▶ Try it
Your answer should consist of all lines in the listing that hold the word "ทาให".

▶ Given information

- Opening Delimiter -

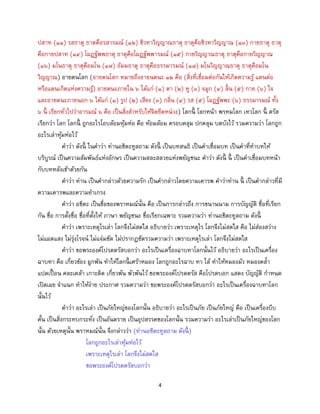 4
ปสาท (๑๑) รสธาตุ ธาตคือรสารมณ์ (๑๒) ชิวหาวิญญาณธาตุ ธาตุคือชิวหาวิญญาณ (๑๓) กายธาตุ ธาตุ
คือกายปสาท (๑๔) โผฏฐัพพธาตุ ธาตุคือโผฏฐัพพารมณ์ (๑๕) กายวิญญาณธาตุ ธาตุคือกายวิญญาณ
(๑๖) มโนธาตุ ธาตุคือมโน (๑๗) ธัมมธาตุ ธาตุคือธรรมารมณ์ (๑๘) มโนวิญญาณธาตุ ธาตุคือมโน
วิญญาณ) อายตนโลก (อายตนโลก หมายถึงอายนตนะ ๑๒ คือ (สิ่งที่เชื่อมต่อกันให้เกิดความรู้ แดนต่อ
หรือแดนเกิดแห่งความรู้) อายตนะภายใน ๖ ได้แก่ (๑) ตา (๒) หู (๓) จมูก (๔) ลิ้น (๕) กาย (๖) ใจ
และอายตนะภายนอก ๖ ได้แก่ (๑) รูป (๒) เสียง (๓) กลิ่น (๔) รส (๕) โผฏฐัพพะ (๖) ธรรมารมณ์ ทั้ง
๖ นี้ เรียกทั่วไปว่าอารมณ์ ๖ คือ เป็นสิ่งสาหรับให้จิตยึดหน่วง) โลกนี้ โลกหน้า พรหมโลก เทวโลก นี้ ตรัส
เรียกว่า โลก โลกนี้ ถูกอะไรโอบล้อมหุ้มห่อ คือ ห้อมล้อม ครอบคลุม ปกคลุม บดบังไว้ รวมความว่า โลกถูก
อะไรเล่าหุ้มห่อไว้
คาว่า ดังนี้ ในคาว่า ท่านอชิตะทูลถาม ดังนี้ เป็นบทสนธิ เป็นคาเชื่อมบท เป็นคาที่ทาบทให้
บริบูรณ์ เป็นความสัมพันธ์แห่งอักษร เป็นความสละสลวยแห่งพยัญชนะ คาว่า ดังนี้ นี้ เป็นคาเชื่อมบทหน้า
กับบทหลังเข้าด้วยกัน
คาว่า ท่าน เป็นคากล่าวด้วยความรัก เป็นคากล่าวโดยความเคารพ คาว่าท่าน นี้ เป็นคากล่าวที่มี
ความเคารพและความยาเกรง
คาว่า อชิตะ เป็นชื่อของพราหมณ์นั้น คือ เป็นการกล่าวถึง การขนานนาม การบัญญัติ ชื่อที่เรียก
กัน ชื่อ การตั้งชื่อ ชื่อที่ตั้งให้ ภาษา พยัญชนะ ชื่อเรียกเฉพาะ รวมความว่า ท่านอชิตะทูลถาม ดังนี้
คาว่า เพราะเหตุไรเล่า โลกจึงไม่สดใส อธิบายว่า เพราะเหตุไร โลกจึงไม่สดใส คือ ไม่ส่องสว่าง
ไม่แผดแสง ไม่รุ่งโรจน์ ไม่แจ่มชัด ไม่ปรากฏชัดรวมความว่า เพราะเหตุไรเล่า โลกจึงไม่สดใส
คาว่า ขอพระองค์โปรดตรัสบอกว่า อะไรเป็นเครื่องฉาบทาโลกนั้นไว้ อธิบายว่า อะไรเป็นเครื่อง
ฉาบทา คือ เกี่ยวข้อง ผูกพัน ทาให้โลกนี้ เศร้าหมอง โลกถูกอะไรฉาบ ทา ไล้ ทาให้หมองมัว หมองคล้า
แปดเปื้ อน คละเคล้า เกาะติด เกี่ยวพัน พัวพันไว้ ขอพระองค์โปรดตรัส คือโปรดบอก แสดง บัญญัติ กาหนด
เปิดเผย จาแนก ทาให้ง่าย ประกาศ รวมความว่า ขอพระองค์โปรดตรัสบอกว่า อะไรเป็นเครื่องฉาบทาโลก
นั้นไว้
คาว่า อะไรเล่า เป็นภัยใหญ่ของโลกนั้น อธิบายว่า อะไรเป็นภัย เป็นภัยใหญ่ คือ เป็นเครื่องบีบ
คั้น เป็นสิ่งกระทบกระทั่ง เป็นอันตราย เป็นอุปสรรคของโลกนั้น รวมความว่า อะไรเล่าเป็นภัยใหญ่ของโลก
นั้น ด้วยเหตุนั้น พราหมณ์นั้น จึงกล่าวว่า (ท่านอชิตะทูลถาม ดังนี้ )
โลกถูกอะไรเล่าหุ้มห่อไว้
เพราะเหตุไรเล่า โลกจึงไม่สดใส
ขอพระองค์โปรดตรัสบอกว่า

- Closing Delimiter -

▶ Result of the exercise
ฉาบทา คือ เกี่ยวข้อง ผูกพัน ทาให้โลกนี้ เศร้าหมอง โลกถูกอะไรฉาบ ทา ไล้ ทาให้หมองมัว หมองคล้า
เปิดเผย จาแนก ทาให้ง่าย ประกาศ รวมความว่า ขอพระองค์โปรดตรัสบอกว่า อะไรเป็นเครื่องฉาบทาโลก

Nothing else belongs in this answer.